Which lines run from the line with "Stein Kurvenarm Wandmontierte" to the end of the entries? Write out exactly those, leaving out the pictures.
________
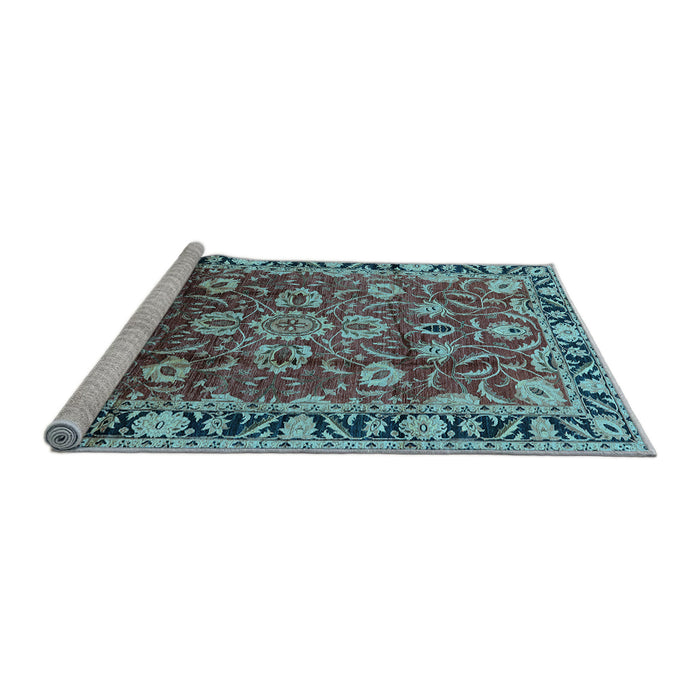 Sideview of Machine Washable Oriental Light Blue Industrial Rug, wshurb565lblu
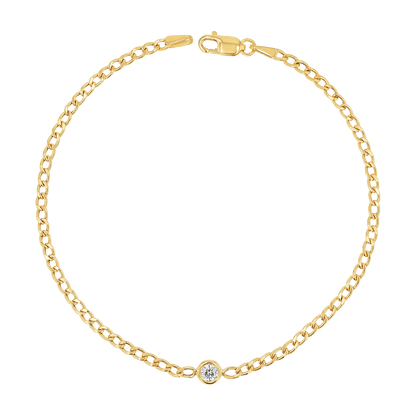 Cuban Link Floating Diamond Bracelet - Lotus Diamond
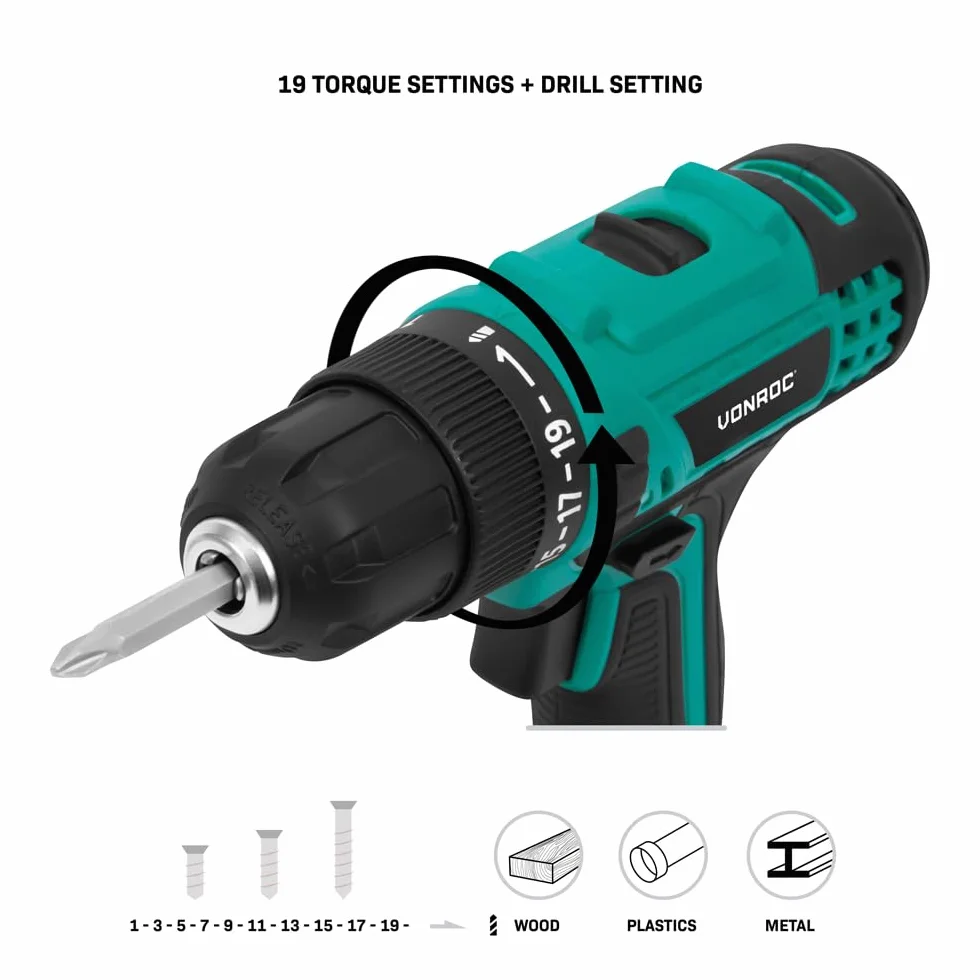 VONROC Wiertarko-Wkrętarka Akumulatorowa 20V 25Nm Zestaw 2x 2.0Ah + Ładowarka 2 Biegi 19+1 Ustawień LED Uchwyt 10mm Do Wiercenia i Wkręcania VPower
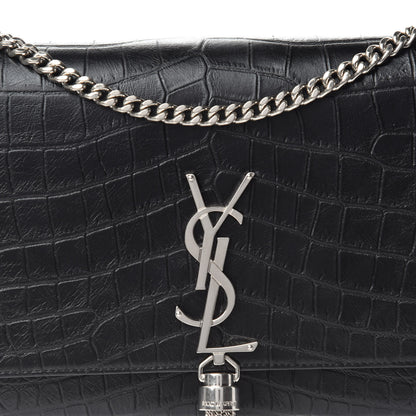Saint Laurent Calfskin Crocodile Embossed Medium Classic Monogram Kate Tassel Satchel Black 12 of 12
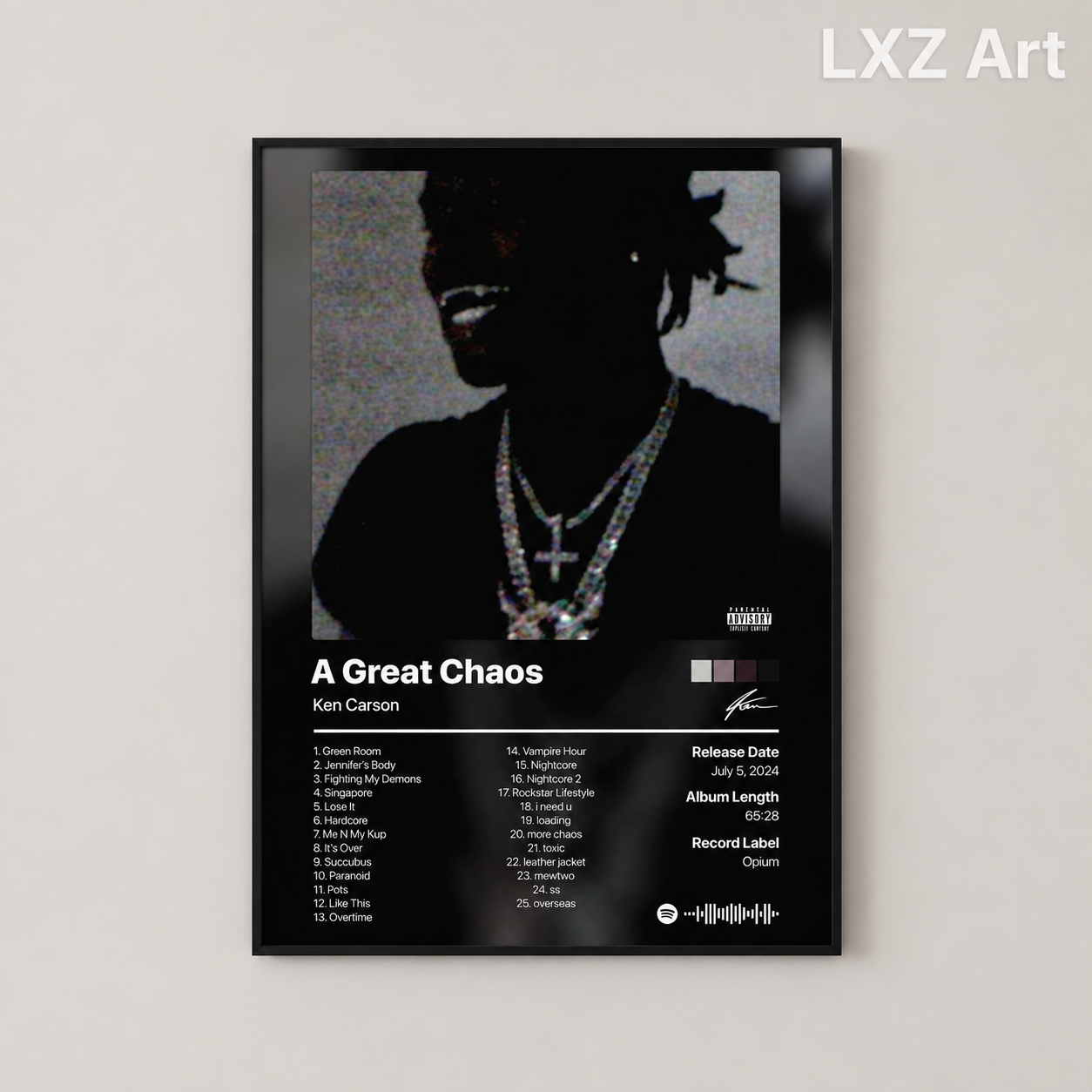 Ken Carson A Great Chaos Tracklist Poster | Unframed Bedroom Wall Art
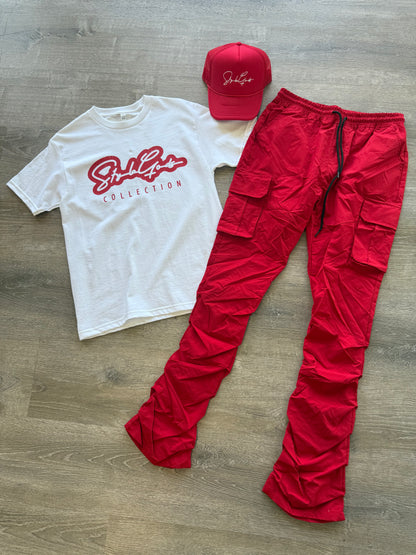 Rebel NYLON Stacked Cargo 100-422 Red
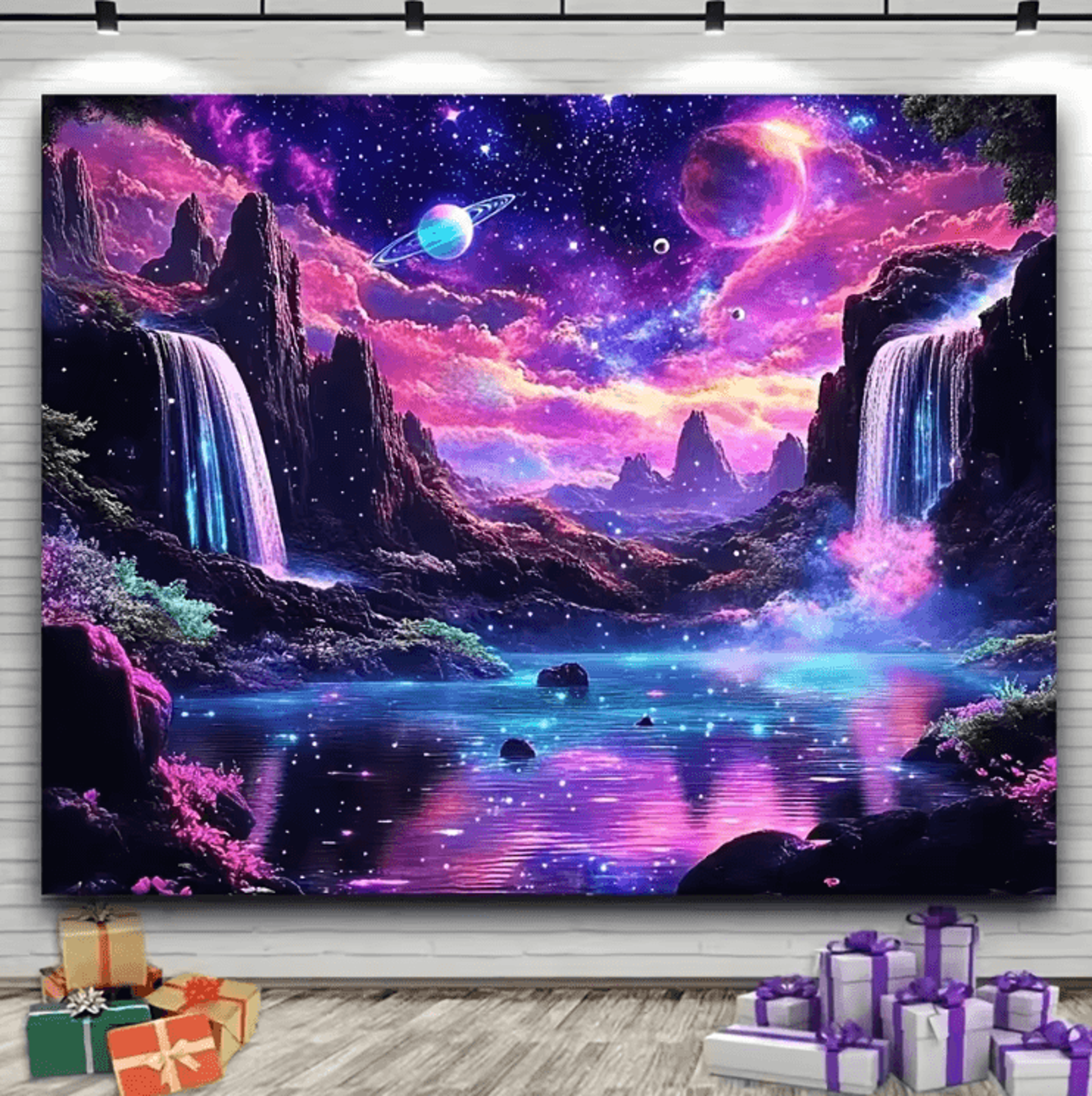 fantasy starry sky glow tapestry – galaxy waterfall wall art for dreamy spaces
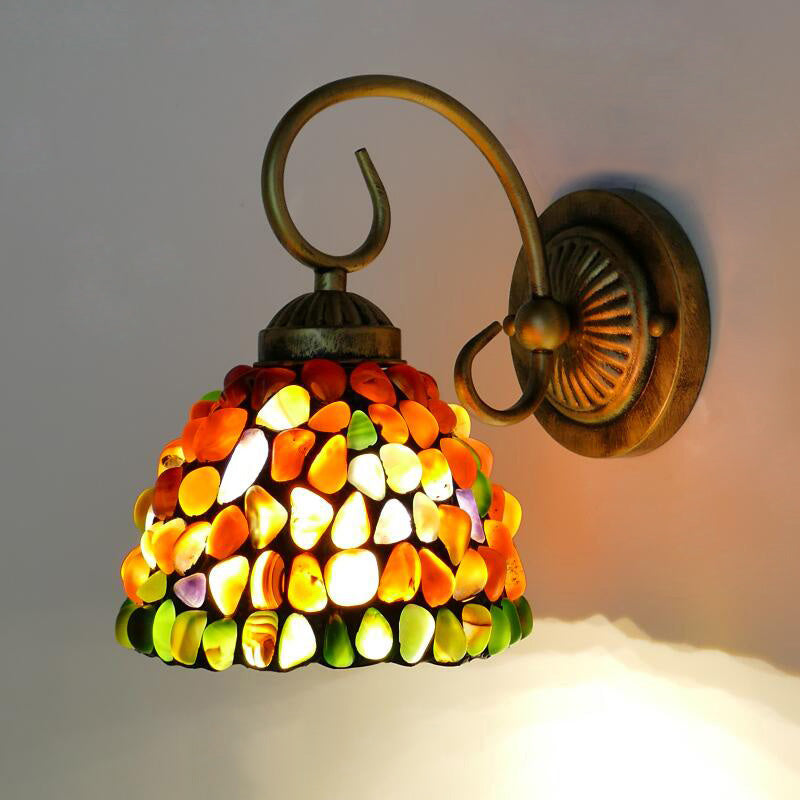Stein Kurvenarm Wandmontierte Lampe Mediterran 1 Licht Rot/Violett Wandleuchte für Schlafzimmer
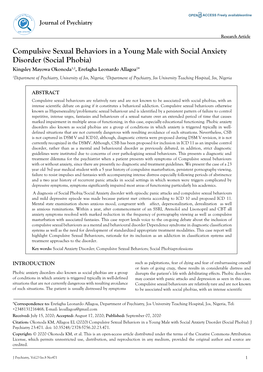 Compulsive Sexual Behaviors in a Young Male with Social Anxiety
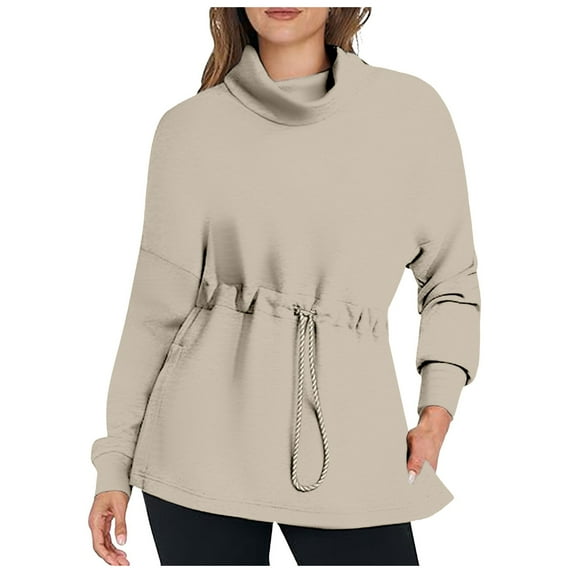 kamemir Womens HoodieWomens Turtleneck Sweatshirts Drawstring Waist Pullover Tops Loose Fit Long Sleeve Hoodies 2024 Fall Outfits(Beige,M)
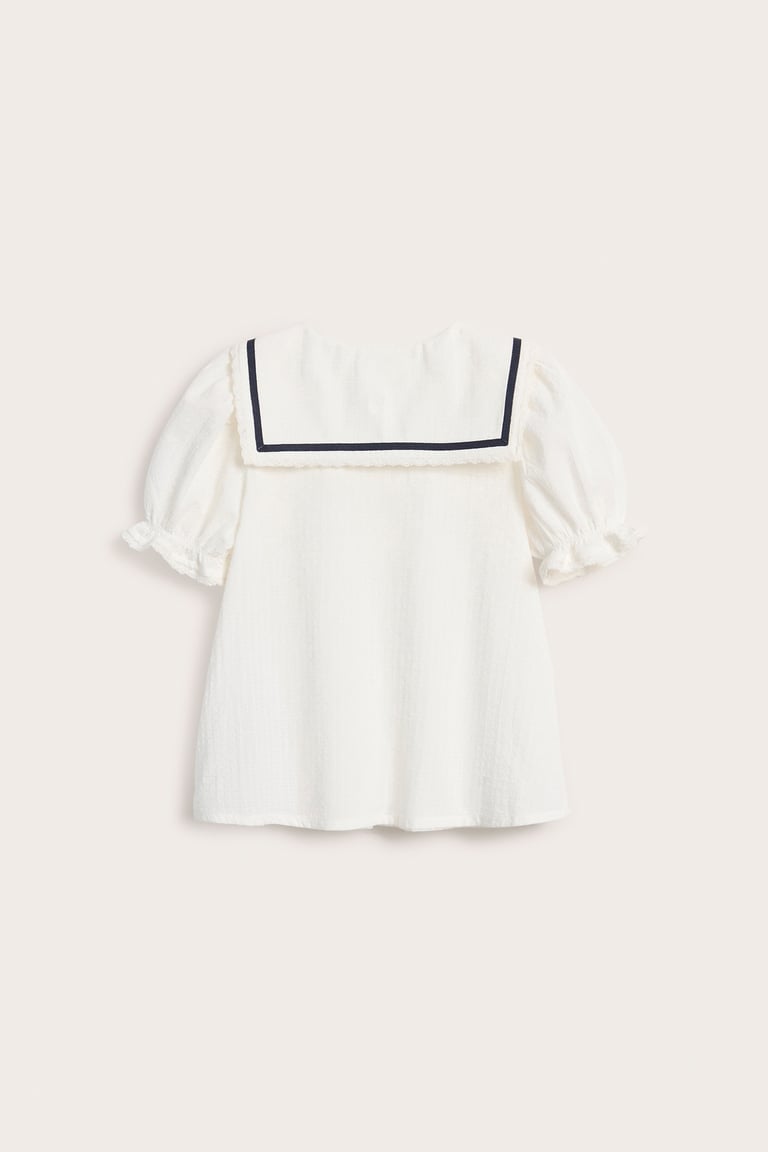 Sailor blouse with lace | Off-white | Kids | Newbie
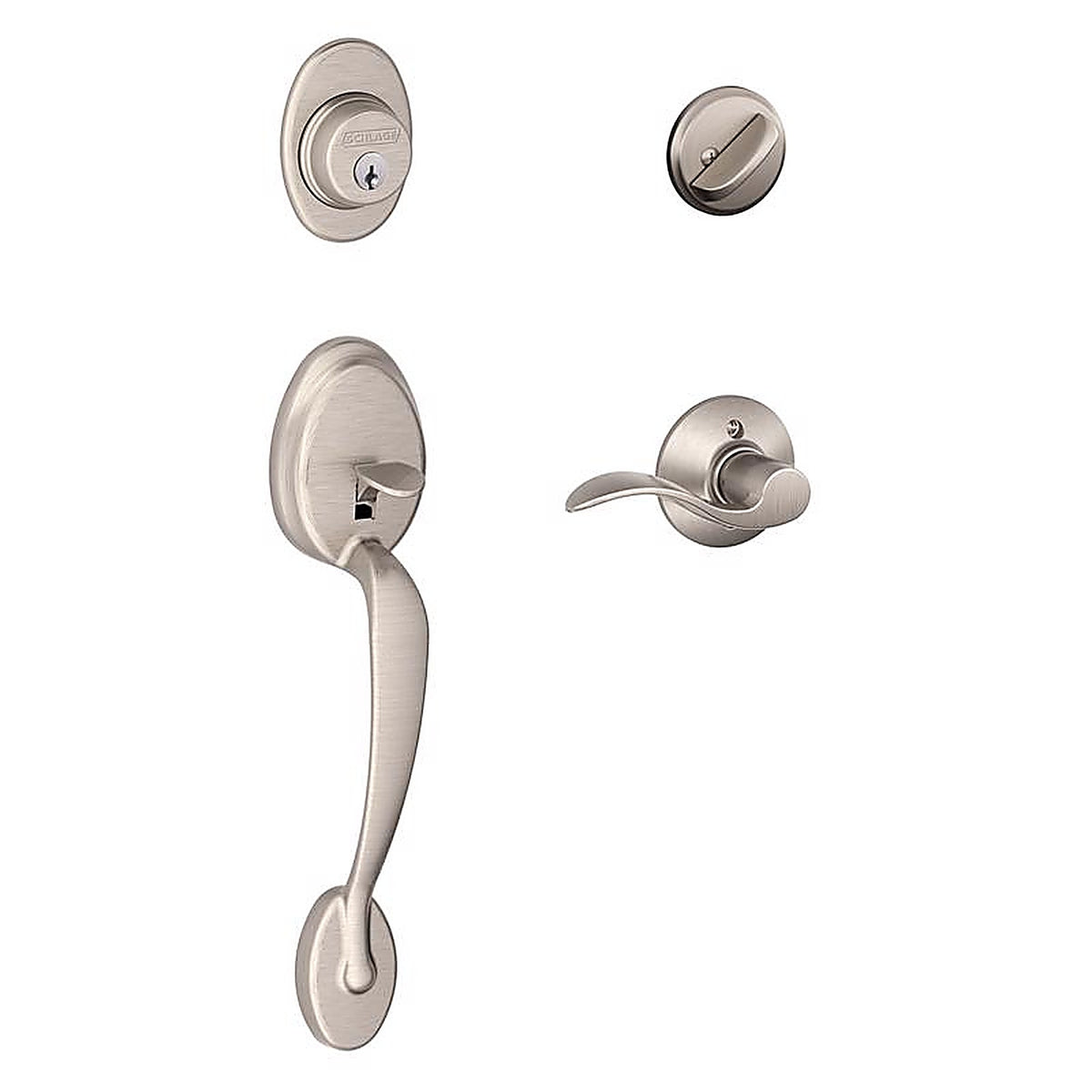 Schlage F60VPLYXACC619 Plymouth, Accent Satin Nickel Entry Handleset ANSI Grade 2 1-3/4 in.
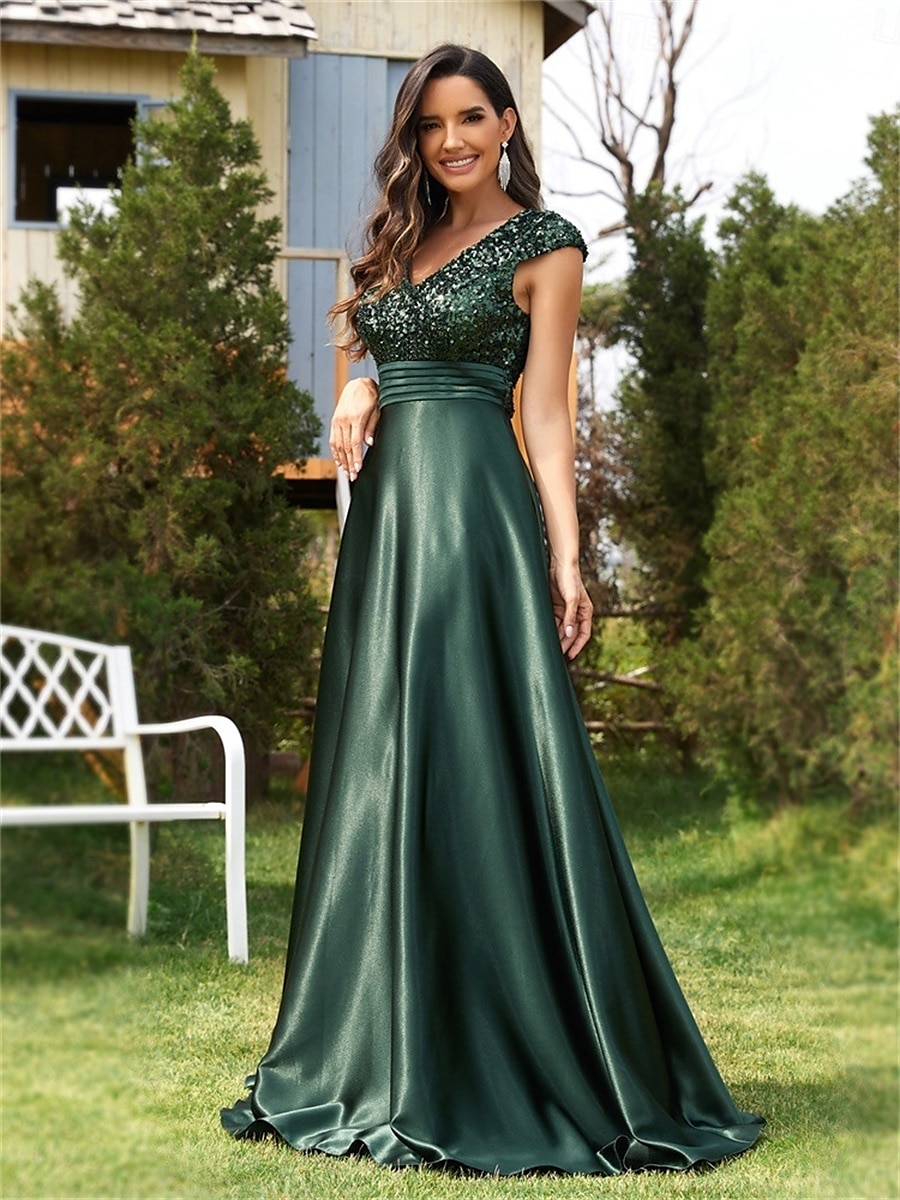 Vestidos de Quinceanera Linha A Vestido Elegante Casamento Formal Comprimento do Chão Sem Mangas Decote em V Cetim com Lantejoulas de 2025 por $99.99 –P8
________
_EXERCISE RESPONSE_:
Stein Kurvenarm Wandmontierte Lampe Mediterran 1 Licht Rot/Violett Wandleuchte für Schlafzimmer
 Compulsive Sexual Behaviors in a Young Male with Social Anxiety
 kamemir Womens HoodieWomens Turtleneck Sweatshirts Drawstring Waist Pullover Tops Loose Fit Long Sleeve Hoodies 2024 Fall Outfits(Beige,M)
 Sailor blouse with lace | Off-white | Kids | Newbie
 Schlage F60VPLYXACC619 Plymouth, Accent Satin Nickel Entry Handleset ANSI Grade 2 1-3/4 in.
 Vestidos de Quinceanera Linha A Vestido Elegante Casamento Formal Comprimento do Chão Sem Mangas Decote em V Cetim com Lantejoulas de 2025 por $99.99 –P8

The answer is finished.